Instructions for the task:
Beginning at the line containing "Photo of Listing #IV25258147", give again every line through the end of the data, unchanged and with both ends included. Drop any pictures.

(Information)

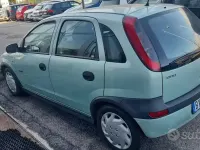 Usata Opel Corsa Club 75 CV (55 kW) 2002 Verde Utilitaria
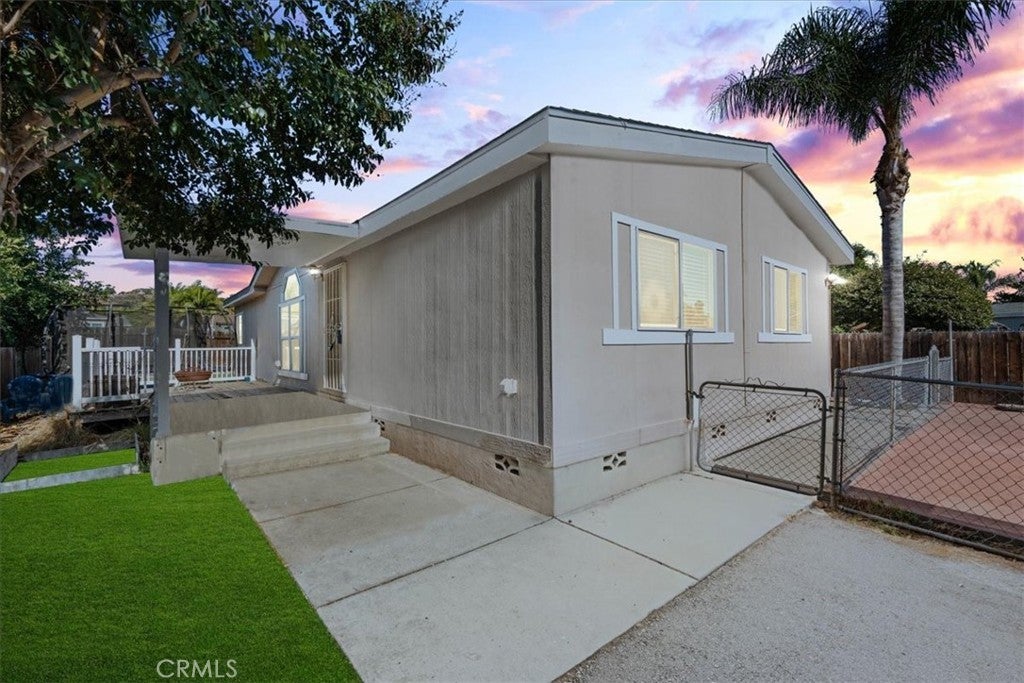 Photo of Listing #IV25258147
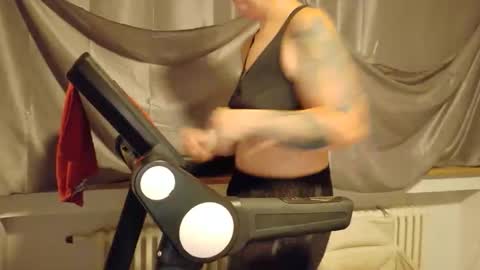 Snapshot of wetgerman2 chatting on 5, 11, 2025 Wetgerman online show from 5, 11, 2025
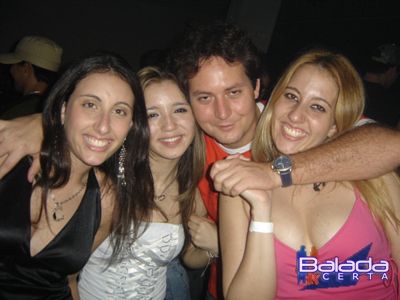 Balada: Fotos de Quinta-feira na Punto Disco Lounge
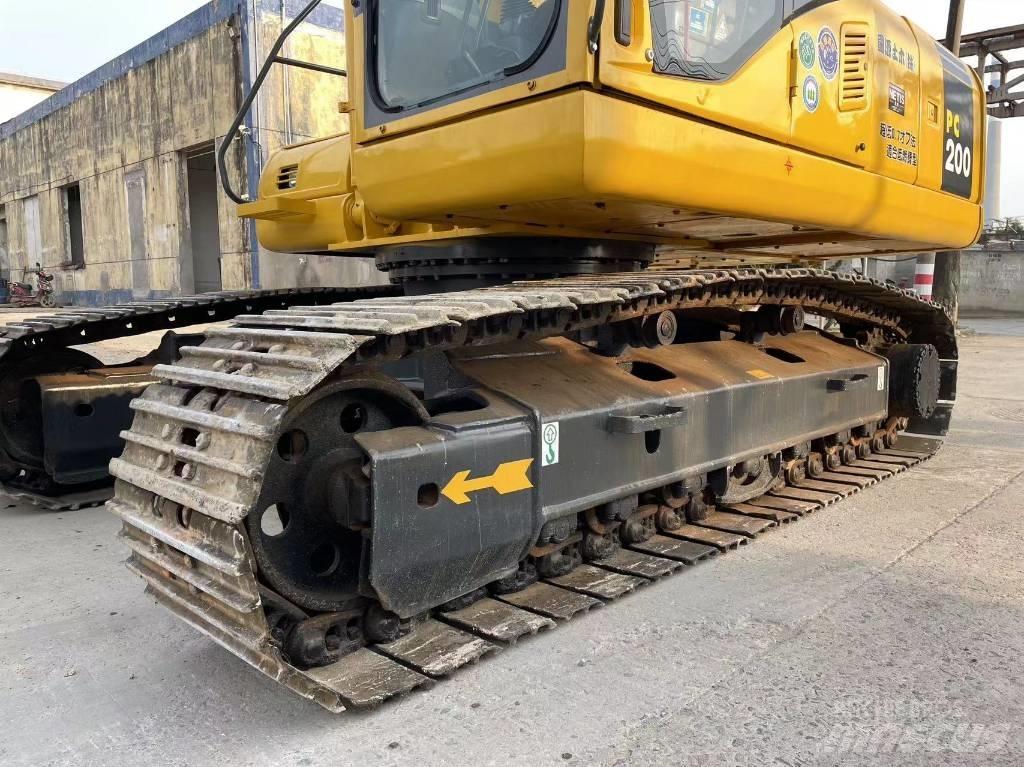 Komatsu PC 200-7 Crawler Excavators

(End Information)

Task response:
 Photo of Listing #IV25258147
 Snapshot of wetgerman2 chatting on 5, 11, 2025 Wetgerman online show from 5, 11, 2025
 Balada: Fotos de Quinta-feira na Punto Disco Lounge
 Komatsu PC 200-7 Crawler Excavators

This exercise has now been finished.